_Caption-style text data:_
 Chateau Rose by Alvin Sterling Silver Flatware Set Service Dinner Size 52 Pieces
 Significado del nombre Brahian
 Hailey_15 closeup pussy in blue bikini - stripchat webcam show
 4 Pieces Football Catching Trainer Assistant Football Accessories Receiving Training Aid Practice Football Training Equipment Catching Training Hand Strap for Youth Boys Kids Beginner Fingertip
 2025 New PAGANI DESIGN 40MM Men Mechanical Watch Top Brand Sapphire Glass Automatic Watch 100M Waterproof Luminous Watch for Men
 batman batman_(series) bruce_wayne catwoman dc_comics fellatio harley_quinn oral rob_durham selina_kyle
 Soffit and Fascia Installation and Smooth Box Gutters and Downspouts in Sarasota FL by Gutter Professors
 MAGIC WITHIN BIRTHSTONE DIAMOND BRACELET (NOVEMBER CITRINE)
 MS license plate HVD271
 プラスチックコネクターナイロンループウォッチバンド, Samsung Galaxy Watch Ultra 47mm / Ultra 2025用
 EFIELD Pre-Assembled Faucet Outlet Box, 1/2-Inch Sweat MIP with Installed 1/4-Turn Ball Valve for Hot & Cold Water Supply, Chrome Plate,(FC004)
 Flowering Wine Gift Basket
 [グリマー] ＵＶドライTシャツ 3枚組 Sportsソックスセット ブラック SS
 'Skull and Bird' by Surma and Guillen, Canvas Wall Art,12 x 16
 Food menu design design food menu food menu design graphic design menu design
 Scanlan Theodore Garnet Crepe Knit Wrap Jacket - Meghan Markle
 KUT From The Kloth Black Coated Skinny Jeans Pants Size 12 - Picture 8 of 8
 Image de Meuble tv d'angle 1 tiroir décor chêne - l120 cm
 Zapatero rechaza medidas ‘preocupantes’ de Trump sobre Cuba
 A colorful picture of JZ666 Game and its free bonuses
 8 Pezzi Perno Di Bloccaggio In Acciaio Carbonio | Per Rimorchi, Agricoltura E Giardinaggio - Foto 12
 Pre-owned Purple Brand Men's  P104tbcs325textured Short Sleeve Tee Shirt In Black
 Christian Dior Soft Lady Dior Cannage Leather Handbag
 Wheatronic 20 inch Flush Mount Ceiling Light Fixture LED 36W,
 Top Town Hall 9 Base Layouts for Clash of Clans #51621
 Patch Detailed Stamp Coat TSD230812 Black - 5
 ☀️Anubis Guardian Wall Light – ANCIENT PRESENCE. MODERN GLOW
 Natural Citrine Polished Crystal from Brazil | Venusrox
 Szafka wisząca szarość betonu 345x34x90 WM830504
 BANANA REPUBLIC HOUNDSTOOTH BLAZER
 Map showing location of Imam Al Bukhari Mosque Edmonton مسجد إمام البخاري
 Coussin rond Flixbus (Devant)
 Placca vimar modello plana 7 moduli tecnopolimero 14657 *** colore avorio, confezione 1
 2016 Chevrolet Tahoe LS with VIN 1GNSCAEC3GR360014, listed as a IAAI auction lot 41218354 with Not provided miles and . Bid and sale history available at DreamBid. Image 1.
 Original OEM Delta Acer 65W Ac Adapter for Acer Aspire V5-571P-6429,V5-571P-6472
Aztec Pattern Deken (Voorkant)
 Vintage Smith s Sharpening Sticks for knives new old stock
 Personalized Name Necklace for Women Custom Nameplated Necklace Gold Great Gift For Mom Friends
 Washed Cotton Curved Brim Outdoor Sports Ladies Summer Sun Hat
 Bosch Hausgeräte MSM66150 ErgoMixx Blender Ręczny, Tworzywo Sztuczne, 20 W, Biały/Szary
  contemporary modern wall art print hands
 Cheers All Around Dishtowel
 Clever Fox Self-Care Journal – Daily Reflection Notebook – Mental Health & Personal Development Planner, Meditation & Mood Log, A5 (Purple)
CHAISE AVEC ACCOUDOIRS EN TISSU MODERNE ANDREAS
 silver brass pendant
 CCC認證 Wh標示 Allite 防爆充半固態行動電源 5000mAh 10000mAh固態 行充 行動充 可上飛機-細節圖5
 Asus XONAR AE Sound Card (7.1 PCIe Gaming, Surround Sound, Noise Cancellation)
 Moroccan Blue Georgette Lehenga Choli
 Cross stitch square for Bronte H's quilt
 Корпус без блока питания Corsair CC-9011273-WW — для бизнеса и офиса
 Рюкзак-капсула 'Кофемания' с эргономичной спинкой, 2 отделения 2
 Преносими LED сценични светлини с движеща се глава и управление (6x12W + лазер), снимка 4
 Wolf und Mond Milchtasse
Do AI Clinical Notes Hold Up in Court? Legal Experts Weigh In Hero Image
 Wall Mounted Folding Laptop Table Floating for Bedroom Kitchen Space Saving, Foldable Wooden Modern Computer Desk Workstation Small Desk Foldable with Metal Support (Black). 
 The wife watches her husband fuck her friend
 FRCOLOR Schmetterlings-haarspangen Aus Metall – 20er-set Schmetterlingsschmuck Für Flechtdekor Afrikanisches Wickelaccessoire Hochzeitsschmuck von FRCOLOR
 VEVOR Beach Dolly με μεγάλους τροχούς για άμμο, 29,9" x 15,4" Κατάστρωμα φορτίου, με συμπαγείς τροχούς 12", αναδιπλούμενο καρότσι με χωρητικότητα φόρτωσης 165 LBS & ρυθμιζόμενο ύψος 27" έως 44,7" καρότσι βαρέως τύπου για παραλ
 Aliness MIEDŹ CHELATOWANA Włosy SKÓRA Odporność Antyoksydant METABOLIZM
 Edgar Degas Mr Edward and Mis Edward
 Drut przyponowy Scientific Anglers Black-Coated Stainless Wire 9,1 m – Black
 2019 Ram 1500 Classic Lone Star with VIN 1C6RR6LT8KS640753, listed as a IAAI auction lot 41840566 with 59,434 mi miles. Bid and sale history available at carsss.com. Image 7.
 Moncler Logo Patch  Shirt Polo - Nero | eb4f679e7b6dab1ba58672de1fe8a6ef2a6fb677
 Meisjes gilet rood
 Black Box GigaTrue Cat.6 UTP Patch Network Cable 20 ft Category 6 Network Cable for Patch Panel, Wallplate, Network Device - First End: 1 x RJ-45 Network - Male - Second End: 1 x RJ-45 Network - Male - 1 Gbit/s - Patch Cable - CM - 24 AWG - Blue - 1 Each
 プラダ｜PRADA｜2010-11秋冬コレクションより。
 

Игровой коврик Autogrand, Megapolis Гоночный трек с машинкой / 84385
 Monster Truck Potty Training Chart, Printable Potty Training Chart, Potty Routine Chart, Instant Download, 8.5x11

_Problem description:_ From the records above, copy each line in which the string "history" occurs.

_Response for this exercise:_
 2016 Chevrolet Tahoe LS with VIN 1GNSCAEC3GR360014, listed as a IAAI auction lot 41218354 with Not provided miles and . Bid and sale history available at DreamBid. Image 1.
 2019 Ram 1500 Classic Lone Star with VIN 1C6RR6LT8KS640753, listed as a IAAI auction lot 41840566 with 59,434 mi miles. Bid and sale history available at carsss.com. Image 7.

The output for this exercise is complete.